2. Cost Efficiency: A single 4-GPU setup is more cost-efficient for high-end tasks than 25 Mac Minis.
3. Scalability: Add more GPUs to the system later for increased performance without major additional costs.
4. Energy Usage: Mac Mini clusters are more efficient but can’t handle large AI/ML datasets effectively.
Recommendation
• For High-End AI/ML: Go with the multi-GPU system with RTX 4090s.
• For General Workloads/Power Savings: Opt for the Mac Mini cluster.
Is this based on real-world setup or did you just calculate this. I'm mostly curious how you determined the performance difference (such as tokens-per-second) between such setups.
Wow, stack them to make a Ai hub! Who cares? What is an AI hub?
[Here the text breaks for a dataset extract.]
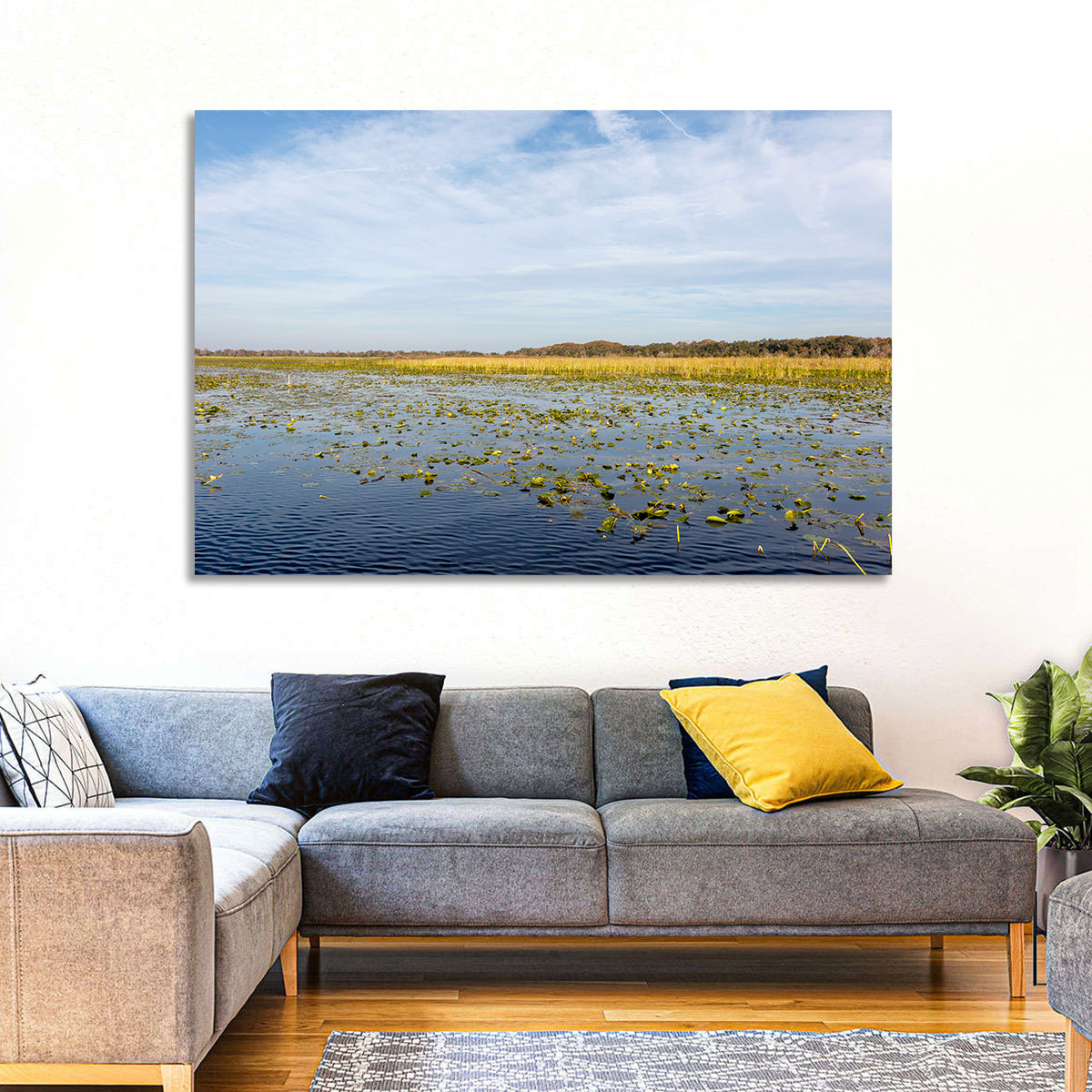 Lake Toho Lily Pads Wall Art in a room, landscape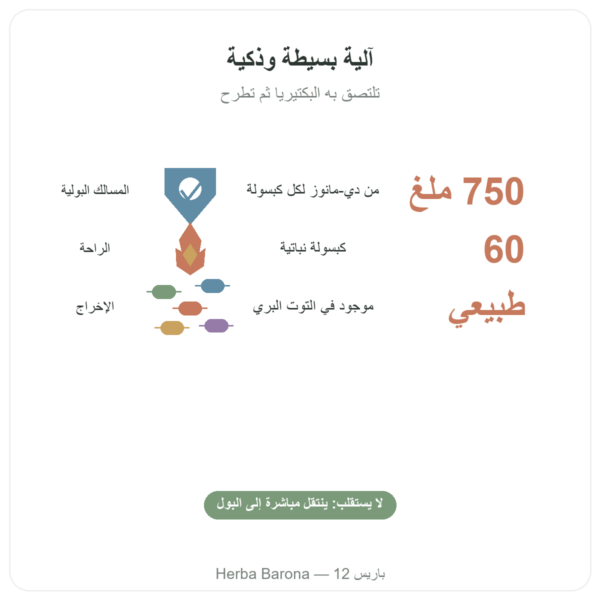 D-Mannose 750 – Be-Life – 60 كبسولة الفوائد والمعطيات الرئيسية Paris Herba Barona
Do people really do this? 😂😂😂
This is a waste of money, who even buys apple for anything besides setting their money on fire?
developers
Four base model Mac Minis are about the price of one RTX4090, if you are lucky, with a crappy PC around it to make it actually do something. And an Exo cluster made out of these four Minis can not only run larger models than that PC, but they are also quieter and draw less power.
@20windfisch11 Why would you compare the price to a GPU instead of other desktop/mini pc system? Are you trying to be misleading?
@@bftjoe because a ton of models and importantly Qwen and Deepseek work just fine with a ton of system ram and a fast CPU
@@bftjoe I actually said that the PC was needed for the GPUs to do anything.
If you are a hobbyist with interest in AI and want to self-host, the Mac Mini is currently great value.